The cortical column, also known as the minicolumn, is the basic functional unit of the cerebral cortex. The column is oriented perpendicular to the cortical surface, and consists of six distinct layers of neurons. Each cortical column consists of about 100 neurons. All neurons inside the column are tightly connected, although neurons connections extend to adjacent columns and columns far across the cortex and into subcortical areas, particularly the thalamus. Cortical columns are capable of memorizing relations and performing more complex operations than individual neurons; to extend the information processing analogy, if a neuron is analogous to a logic gate, a cortical column is more analogous to a small subroutine.
Other scientists are also arriving at similar conclusions as Burnod; Vernon B. Mountcastle's The Cerebral Cortex (1998) offers a good discussion of the structure and role of the cortical minicolumn.
Layer IV, which divides the column into supragranular and infragranular parts, receives its inputs from the thalamus and transmits signals to the rest of the column. The thalamus receives information from all parts of the cortex and subcortical areas. It works together with the cerebral cortex to create a feedback circuit by passing information from the infragranular cells of the cortex to the thalamus and then back to the layer IV cells of the cortex, with integration occuring both on in the thalamic and cortical centers.

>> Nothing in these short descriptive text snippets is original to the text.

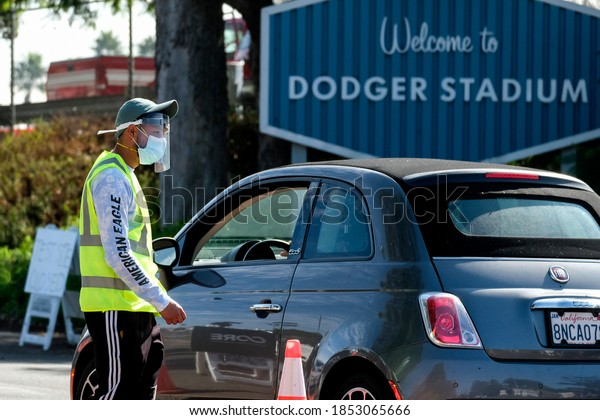 Motorists line
up to take a coronavirus (COVID-19) test at Dodger Stadium,
Thursday, Nov. 12, 2020, in Los Angeles.
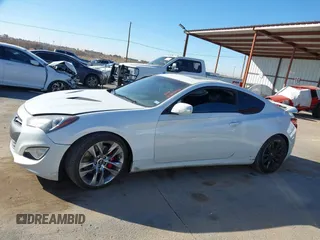 2013 Hyundai Genesis Coupe R-Spec z VIN KMHHU6KJ2DU101504, wystawiony jako IAAI lot #41469836 z przebiegiem 98 779 mil mil oraz . Historia ofert i sprzedaży dostępna na DreamBid. Obrazek 14.
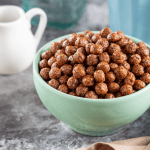 A mint green bowl filled with chocolate protein cereal, placed on a marble countertop alongside a white milk jug and a blue mug, perfect for a healthy breakfast setting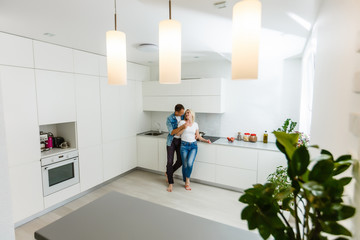 Coronavirus. A couple sitting on a sofa on a quarantine at home Couple at home looking each other, both wear masks because of avoiding contagion. Stay at home. Romantic.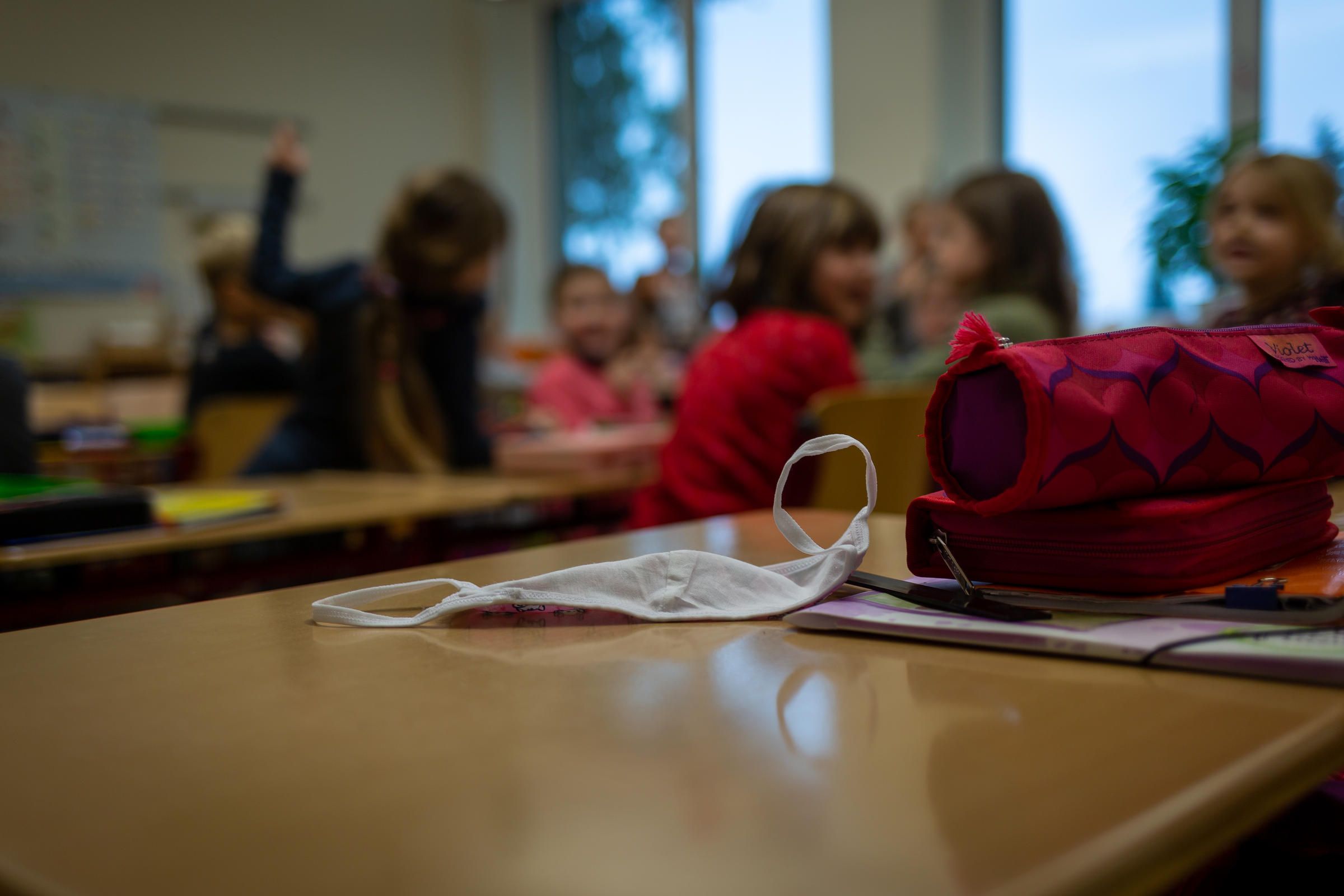 A mask sits on a desk at a primary school in Weimar, Germany. Students are required to wear masks in the hallways and on the playground but not while sitting in class. If coronavirus cases increase in the community or are found in the school, then tighter restrictions are implemented. Image by Ryan Delaney / St. Louis Public Radio. Germany, 2020.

Information flow in the cortex is mediated by the action of the supragranular cells, while additional information from the external and internal environment is integrated by the thalamus and arrives in layer IV of the cortical columns.
A fully activated column corresponds to an action. For instance, if the column is in a motor area, the layer V and VI cells are likely to project to a sequence of neurons that leads to the contraction of muscle fibers.
On the other hand, a partially activated column corresponds to anticipation or searching, and waits for the infragranular levels to become active.
Outputs: to other columns (II for distant, III for nearby) or to extracortical output (V, VI)
Inputs: Reticular, Thalamic (IV), Cortical (I, II, III, V, VI) and Existing State (results from local cellular memorization, both short-term and long-term)
Cortical columns represent goal, initial and intermediate states. When a goal is defined, activations spread from the goal column along the supragranular levels (I-III). These spreading activations eventually find a column which is simultaneously receiving the proper extracortical thalamic inputs.
Stimulated by both supragranular and infragranular inputs, the column becomes fully active, and effects extracortical action. This extracortical action modifies the environment and thus changes the new thalamic inputs. As a result, other columns which have up to now been supragranularly activated, but have not yet received the right thalamic inputs, become fully activated. The process continues until the original goal becomes fully activated.
The problem solving process under PDP parallels the sequential version, with the full activation of an intermediate column being analogous to solving a subgoal, and the spreading activation similar to searching. However, within the cortex many goals will be under progress simultaneously. The spreading activations and sub-actions are always interacting and interfering with each other.
Anything can be a goal: a motor or internal activity, the occurence of a certain sensory pattern, or a certain activity pattern of the cortex itself Note that there is no functional difference between a “goal” and a “subgoal”
Most importantly, call trees are a direct explanation for the cerebral cortex’s flexibility and adaptability in solving problems with great variation, i.e. pattern recognition, fine motor control. These tasks require the cortex to reach a certain goal given any initial state.